C’était donc au plus fort d’une de ces catastrophes périodiques qu’il venait demander à Georges de l’abriter dans sa solitude. Valentin ne venait pas pour la première fois à Maisons, et ainsi s’expliquait le sobriquet de chambre du Désespoir qu’on donnait à la pièce qui lui était réservée.

Le lendemain, au petit jour, Valentin frappa à la porte de son ami.

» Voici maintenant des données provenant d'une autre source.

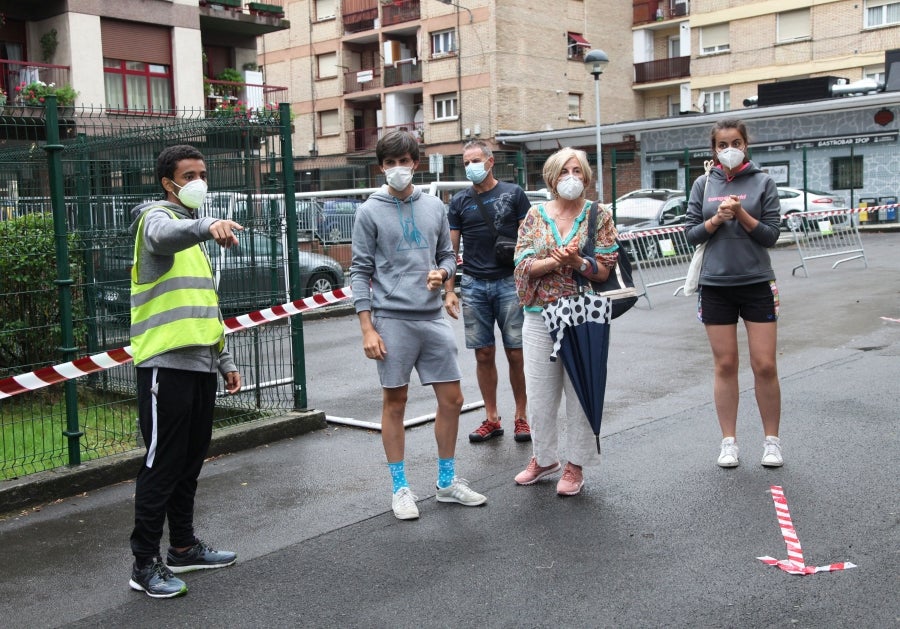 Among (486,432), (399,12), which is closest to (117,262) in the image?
(486,432)

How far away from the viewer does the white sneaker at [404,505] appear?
17.0ft

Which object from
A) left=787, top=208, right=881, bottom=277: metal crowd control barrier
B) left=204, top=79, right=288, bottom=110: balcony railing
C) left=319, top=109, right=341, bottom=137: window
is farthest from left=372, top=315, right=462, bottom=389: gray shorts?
left=319, top=109, right=341, bottom=137: window

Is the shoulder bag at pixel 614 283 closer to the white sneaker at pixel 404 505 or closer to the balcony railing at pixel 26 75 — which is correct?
the white sneaker at pixel 404 505

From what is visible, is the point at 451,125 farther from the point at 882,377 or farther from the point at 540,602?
the point at 540,602

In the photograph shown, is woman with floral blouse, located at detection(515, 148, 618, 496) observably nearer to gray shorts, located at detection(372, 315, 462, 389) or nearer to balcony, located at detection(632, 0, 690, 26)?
gray shorts, located at detection(372, 315, 462, 389)

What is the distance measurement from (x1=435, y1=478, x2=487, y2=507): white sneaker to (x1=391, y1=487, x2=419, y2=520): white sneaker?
0.21m

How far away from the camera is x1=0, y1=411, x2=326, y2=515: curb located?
577 cm

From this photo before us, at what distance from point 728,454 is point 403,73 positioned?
141ft

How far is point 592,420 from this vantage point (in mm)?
5426

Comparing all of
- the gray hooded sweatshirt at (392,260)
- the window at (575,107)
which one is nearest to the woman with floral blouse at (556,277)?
the gray hooded sweatshirt at (392,260)

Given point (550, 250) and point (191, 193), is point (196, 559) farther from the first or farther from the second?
point (550, 250)

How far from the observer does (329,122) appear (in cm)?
5012

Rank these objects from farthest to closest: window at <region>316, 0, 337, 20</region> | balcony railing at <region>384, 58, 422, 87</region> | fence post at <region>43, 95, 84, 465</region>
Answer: window at <region>316, 0, 337, 20</region> < balcony railing at <region>384, 58, 422, 87</region> < fence post at <region>43, 95, 84, 465</region>

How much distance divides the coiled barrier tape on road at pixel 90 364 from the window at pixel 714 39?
137ft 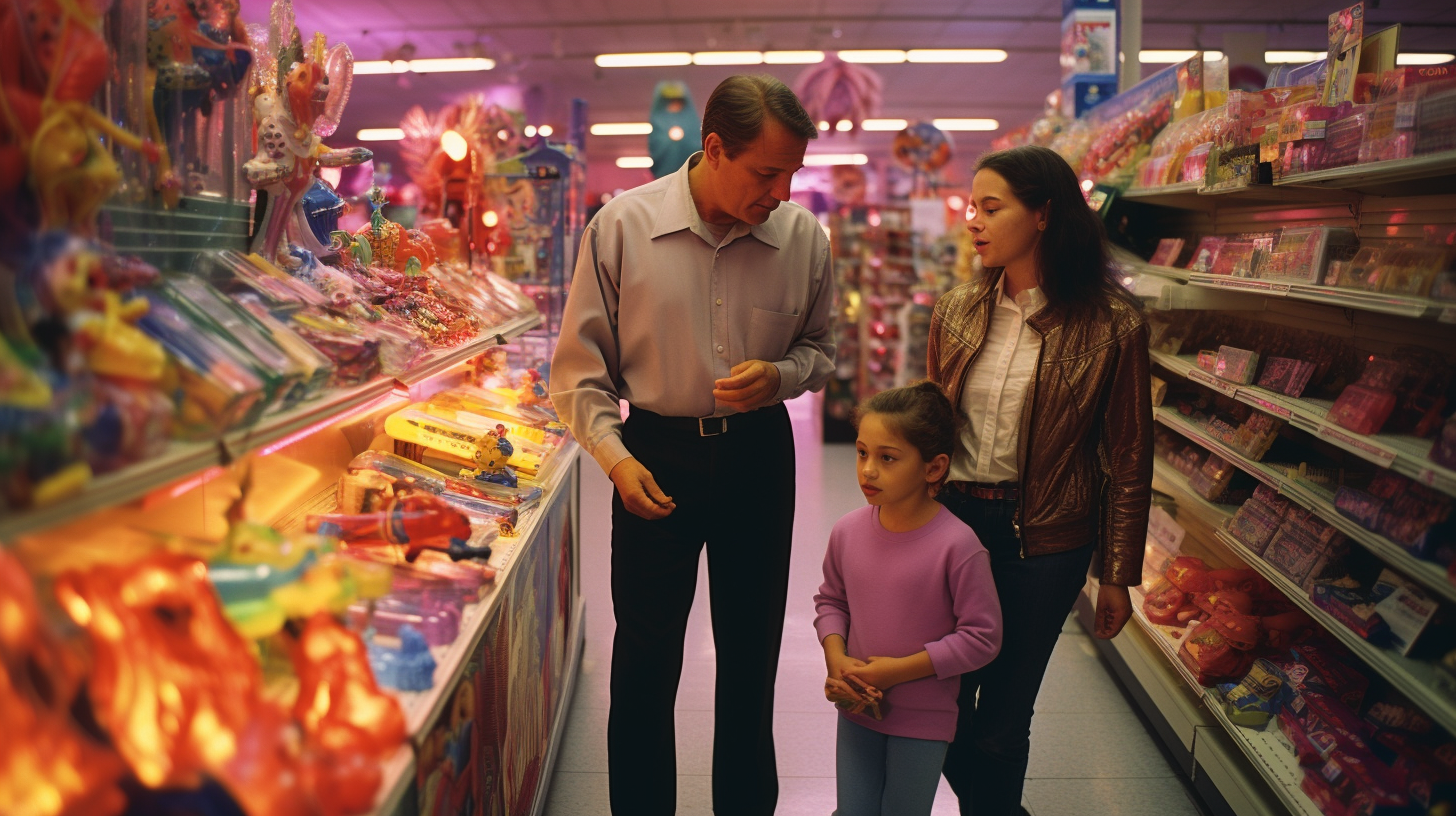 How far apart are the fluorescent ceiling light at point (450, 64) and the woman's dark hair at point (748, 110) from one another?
10.4 meters

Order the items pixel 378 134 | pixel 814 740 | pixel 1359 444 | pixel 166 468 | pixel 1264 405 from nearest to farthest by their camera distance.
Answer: pixel 166 468
pixel 1359 444
pixel 1264 405
pixel 814 740
pixel 378 134

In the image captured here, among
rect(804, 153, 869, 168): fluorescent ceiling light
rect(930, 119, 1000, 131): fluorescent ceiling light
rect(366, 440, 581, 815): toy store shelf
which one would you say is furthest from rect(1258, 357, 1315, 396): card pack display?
rect(804, 153, 869, 168): fluorescent ceiling light

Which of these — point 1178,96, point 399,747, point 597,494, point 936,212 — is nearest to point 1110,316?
point 399,747

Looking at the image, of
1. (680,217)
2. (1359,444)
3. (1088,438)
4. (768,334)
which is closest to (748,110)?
(680,217)

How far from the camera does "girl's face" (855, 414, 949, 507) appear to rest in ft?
6.09

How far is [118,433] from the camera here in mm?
1021

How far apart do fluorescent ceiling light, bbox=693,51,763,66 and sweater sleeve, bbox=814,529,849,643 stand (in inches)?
393

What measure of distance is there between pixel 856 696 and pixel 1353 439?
4.14 ft

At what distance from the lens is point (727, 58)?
37.9 ft

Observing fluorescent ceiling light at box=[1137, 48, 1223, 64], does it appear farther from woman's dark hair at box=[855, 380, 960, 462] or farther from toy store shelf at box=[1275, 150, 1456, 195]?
woman's dark hair at box=[855, 380, 960, 462]

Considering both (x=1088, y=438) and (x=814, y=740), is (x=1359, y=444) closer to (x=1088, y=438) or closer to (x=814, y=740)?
(x=1088, y=438)

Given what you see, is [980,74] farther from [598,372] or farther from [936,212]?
[598,372]

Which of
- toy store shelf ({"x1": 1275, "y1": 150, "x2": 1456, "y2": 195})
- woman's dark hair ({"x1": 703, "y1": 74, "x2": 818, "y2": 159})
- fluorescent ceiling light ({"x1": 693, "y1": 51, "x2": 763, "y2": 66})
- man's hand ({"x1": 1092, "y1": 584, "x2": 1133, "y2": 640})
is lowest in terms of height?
man's hand ({"x1": 1092, "y1": 584, "x2": 1133, "y2": 640})

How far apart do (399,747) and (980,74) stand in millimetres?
12856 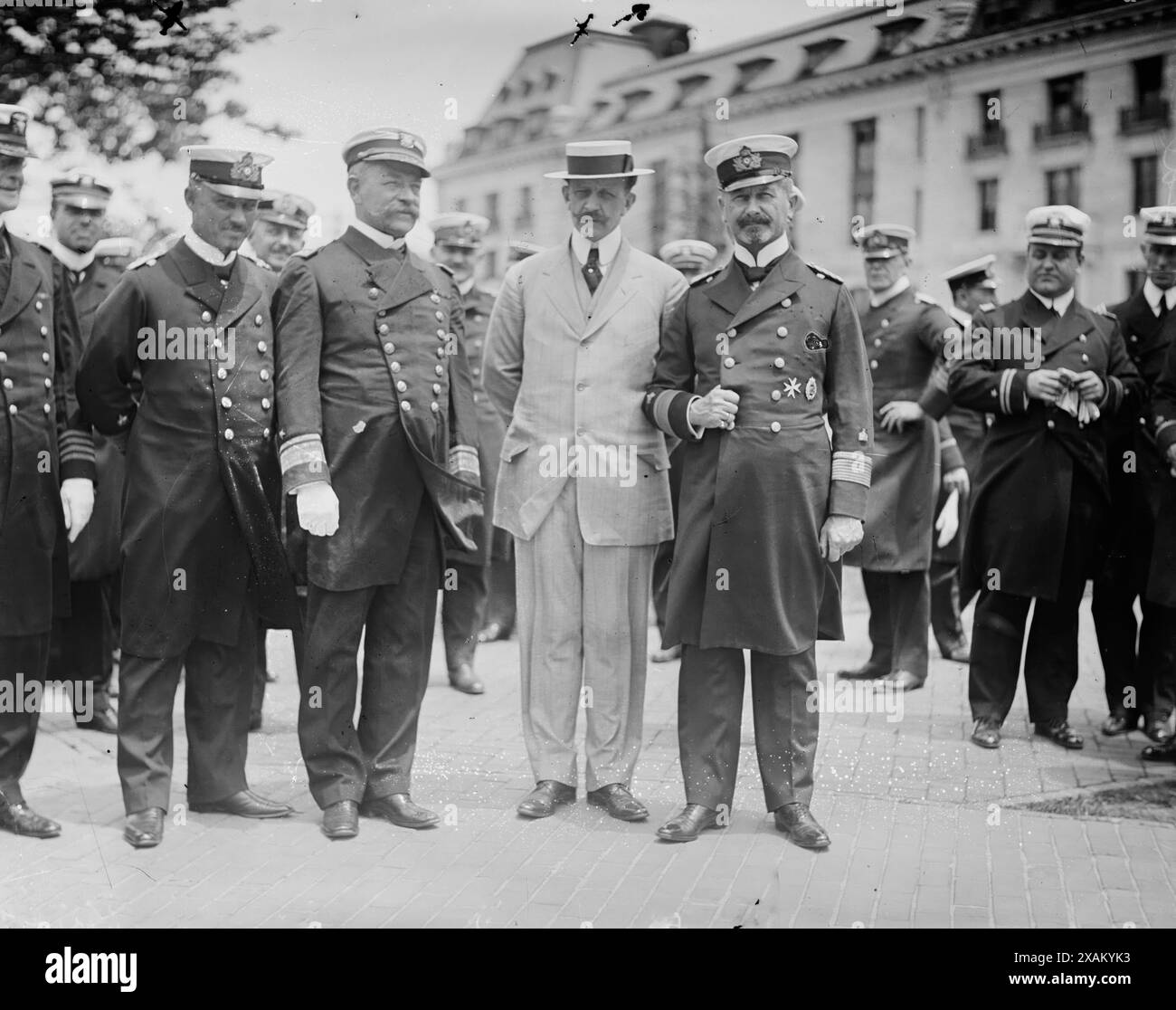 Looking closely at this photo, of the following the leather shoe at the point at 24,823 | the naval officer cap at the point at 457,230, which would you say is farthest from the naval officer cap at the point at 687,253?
the leather shoe at the point at 24,823

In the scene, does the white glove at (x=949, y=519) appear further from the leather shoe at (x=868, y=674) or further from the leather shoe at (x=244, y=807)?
the leather shoe at (x=244, y=807)

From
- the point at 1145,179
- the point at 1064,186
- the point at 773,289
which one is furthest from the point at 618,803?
the point at 1145,179

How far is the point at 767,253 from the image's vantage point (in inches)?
203

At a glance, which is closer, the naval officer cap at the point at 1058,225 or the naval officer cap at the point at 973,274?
the naval officer cap at the point at 1058,225

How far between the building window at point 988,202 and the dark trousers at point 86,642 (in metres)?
4.98

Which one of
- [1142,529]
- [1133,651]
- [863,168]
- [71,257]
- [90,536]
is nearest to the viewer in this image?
[1142,529]

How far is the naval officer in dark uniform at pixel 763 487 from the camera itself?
16.5 ft

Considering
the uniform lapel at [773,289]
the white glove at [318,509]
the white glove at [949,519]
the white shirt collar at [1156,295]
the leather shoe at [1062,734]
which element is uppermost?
the white shirt collar at [1156,295]

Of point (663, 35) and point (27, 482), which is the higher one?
point (663, 35)

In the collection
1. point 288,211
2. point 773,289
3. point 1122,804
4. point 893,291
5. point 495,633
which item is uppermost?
point 288,211

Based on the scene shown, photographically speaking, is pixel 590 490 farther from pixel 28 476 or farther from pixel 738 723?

— Tu dors, toi ; tu es bien heureux ! Que fais-tu aujourd’hui ? Dit-il.

— Rien.

— Eh bien ! si tu veux, nous irons déjeuner à Saint-Germain ; c’est là que j’ai connu Clotilde ! Nous traverserons la forêt, et cette promenade matinale me rendra peut-être l’appétit que j’ai perdu.

— Soit.

Georges s’habilla en toute hâte et descendit ; mais au bas de l’escalier il se souvint que Mme Rose l’attendait chez la Thibaude. S’il voulait être exact, il n’avait pas le temps d’aller à Saint-Germain et d’en revenir ; pour rien au monde cependant, il n’aurait consenti à manquer ce rendez-vous.

— Viens-tu ? lui cria Valentin.

Tambour, qui était du voyage, appuya la sommation d’un aboiement. Georges cherchait un prétexte et n’en trouvait pas. Il savait Valentin très-curieux, et il ne se souciait pas de le mettre dans sa confidence. Quel beau thème à de longs discours ! Cependant il était résolu à ne pas le suivre jusqu’à Saint-Germain.

— Ah ! mon Dieu ! s’écria-t-il après qu’il eut fait une centaine de pas, j’ai oublié que j’ai affaire de l’autre côté de l’eau…. à Herblay.

— Chez qui ? demanda Valentin.

— Chez le curé ! répondit Georges étourdiment.

— J’irai avec toi.

Georges comprit que Valentin était décidé à ne pas le quitter.

— Veux-tu pêcher ? dit-il brusquement.

— Tu pêches donc ?

— Toujours ; c’est très-amusant. On a une ligne à la main ; on pense à ce qu’on veut, et le poisson mord. C’est ce qu’il y a de mieux quand on a du chagrin.

— Donne-moi une ligne, répondit Valentin.

Georges courut dans sa bibliothèque, et redescendit avec tout un appareil de pêche. On partit pour le bord de la rivière, et Georges installa Valentin au pied d’un massif de saules qui masquait la vue de tous côtés.